Despite the credit crunch, an excess of demand means that a substantial further correction might still be necessary. If inflation takes hold, yields might fall again, as Richard Barkham reports

The economic outlook is not pretty. While inflation has replaced the credit crunch as the lead economics story, it is quite clear that the increased cost and reduced availability of credit across the OECD is substantially impeding economic growth. This seize-up in the banking sector has put housing markets in the US, UK, Spain and Ireland into free fall - literally. The knock-on downturn in consumer spending is only just beginning.
To compound matters, OECD policy-makers are bereft of the firepower to deal with the crisis. Externally generated inflation means that interest rates are more likely to rise than fall; fiscal deficits and falling tax revenues mean that governments cannot spend their way out of the crisis. What started as a sector-specific crisis within the banking industry is becoming a more generalised economic downturn.

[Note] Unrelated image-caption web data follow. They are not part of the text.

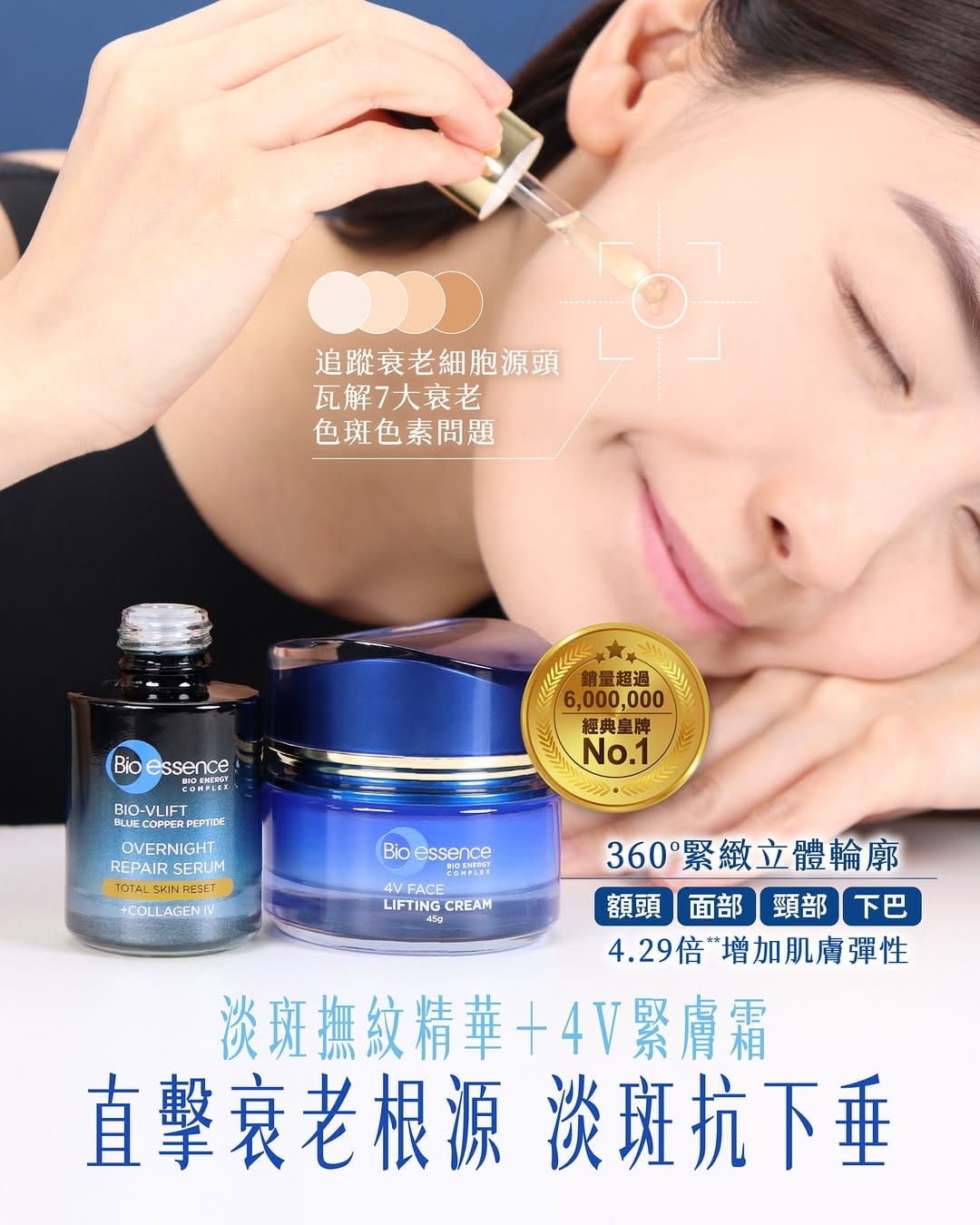 Post 1 by @bioessence_hk on Instagram (image)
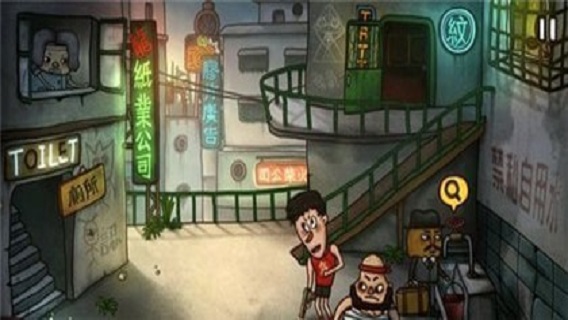 第一章攻略截图10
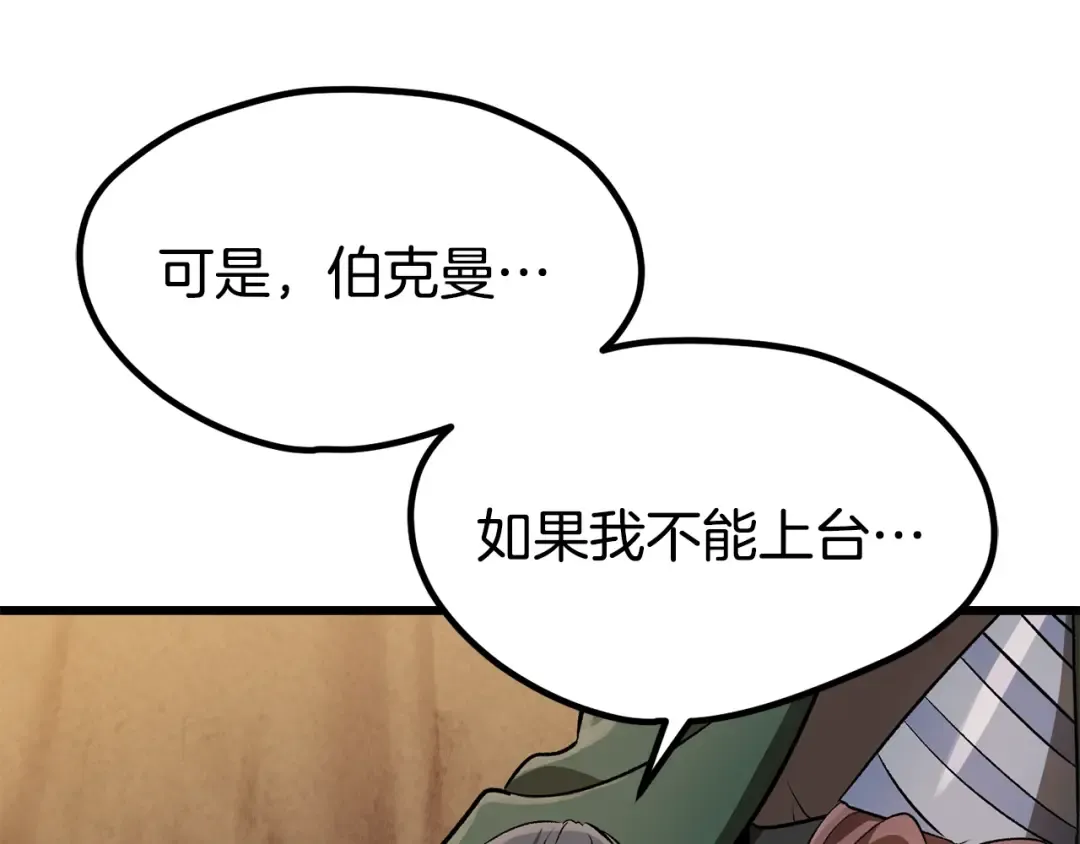 第188话 拉特纳的变化 第170页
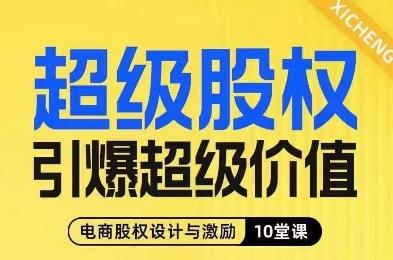 超级股权引爆超级价值，电商股权设计与激励10堂线上课-创新Ovo
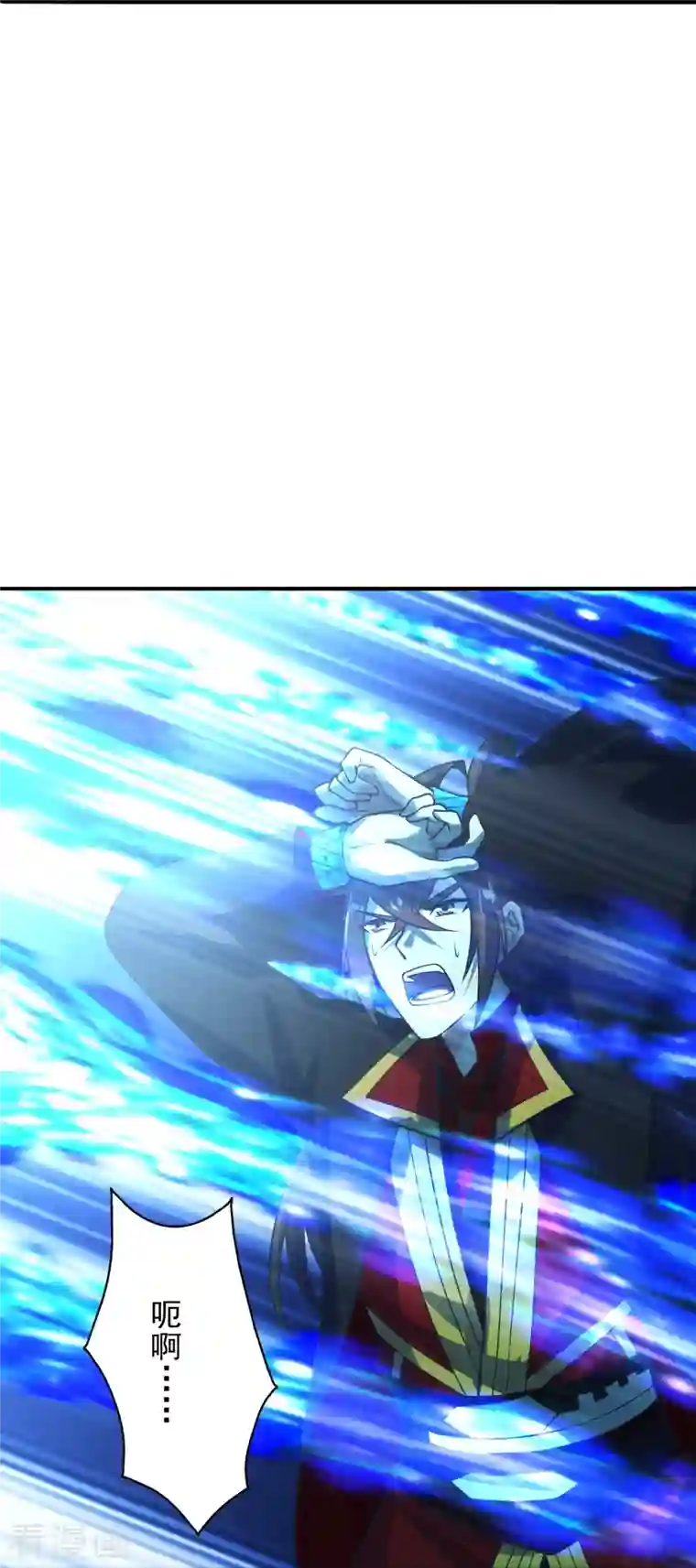 仙武帝尊第207话 楚萱儿很强势！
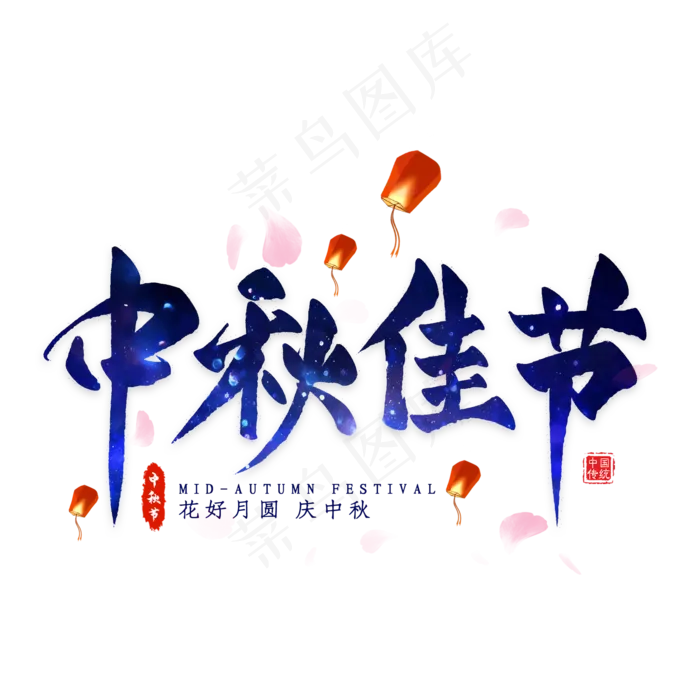 中秋佳节毛笔艺术字(2000*2000px 	      )psd模版下载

Nor are the recent signs of stabilisation in the US economy of much comfort. Interest rates of 2% are hardly sustainable and a ‘double dip' recession is the most likely outcome. In fact, alongside the cyclical downturn, it increasingly feels that we are approaching the end of an era. Are we in for a decade or more of instability or, as always in the past 17 years, will central banks be able to get us out of this mess?
The overriding policy success of the past 16 years is the decline in inflation, not just in the UK and the US but across the OECD. As lower inflation expectations have become embedded across the OECD, so central banks have gained the ability to accommodate economic shocks without stoking up a wage price spiral.
The culmination of this policy flexibility came in the 2002-04 period in which OECD real interest rates were cut to zero to counteract the deflationary impact of the crash (figure 1). Four key factors have brought this about. First, across the OECD central banks have been freed from political interference. Although this is not a prerequisite of inflation targeting, it helps. Second, close attention to output gaps as opposed to monetary aggregates has allowed central banks to keep demand much closer to supply than previously. As such, inflation arising from tight labour markets has been much less of an issue.
Third, privatisation and labour market deregulation across much of the OECD mean that the second round effects of demand and supply shocks are much reduced. Fourth, the vast labour markets of the former communist world have been opened up to OECD capital (figure 2) allowing a massive reduction in the price of manufactured goods. While the relocation of manufacturing (and some services) activity to low-cost centres has been acknowledged there has been a tendency to think that this effect would last for ever.
Worryingly, the current inflation spike has not been predictable from the close observation of OECD output gaps. Although these have indicated that there is very little spare capacity, they have also shown that demand and supply are roughly in balance and prices should be about stable (figure 3). They clearly are not. It is becoming increasingly clear that OECD inflation depends not just on the OECD but the global output gap.
Breakneck growth in emerging markets has aggregate demand in the global economy to a point where it is above aggregate supply. As a result, raw materials prices are surging and emerging markets labour costs are also nudging upwards. In the sense that OECD policy-makers are finding it difficult to deal with this imported inflation, we are indeed at the end of an era.
What are the implications of this analysis? In the short term, even after a year of the credit crunch, the world economy faces excess demand. A substantial further slowdown is required. Unfortunately, both motivation and policy levers are inadequate in the emerging markets. To the extent that strong growth continues in these countries OECD nations will have to make a bigger, possibly recessionary, adjustment.
Having grown used to ever-rising prosperity, western voters will not like this. Potentially, central bank independence will come under question and pressure will build for interest rates to be set by ‘accountable' political leaders. Longer term, there is a need to bring emerging market policy-makers into the global policy-making fold. In a globalised world, policy needs to be globally coordinated.
Given the need of emerging market leaders to create wealth for their (still) poor populations this sort of coordinated policy-making seems unlikely. In fact, we may yet see some OECD nations actively trying to engineer a recession in emerging markets through trade barriers or aggressive devaluation.
How does all of this affcct real estate?  If policy-makers give in to voters and inflation becomes a daily reality then, after we have dusted off our arguments about real estate as an inflation hedge, we might see yields fall again in the medium term. But the lessons of the past 20 years have probably not been forgotten and the brakes will be placed on economic growth until inflation subsides. The era of easy inflation control is over and, the economic turbulence this will cause suggests that the substantial upward shift in the real estate risk premium currently taking place is long term in nature.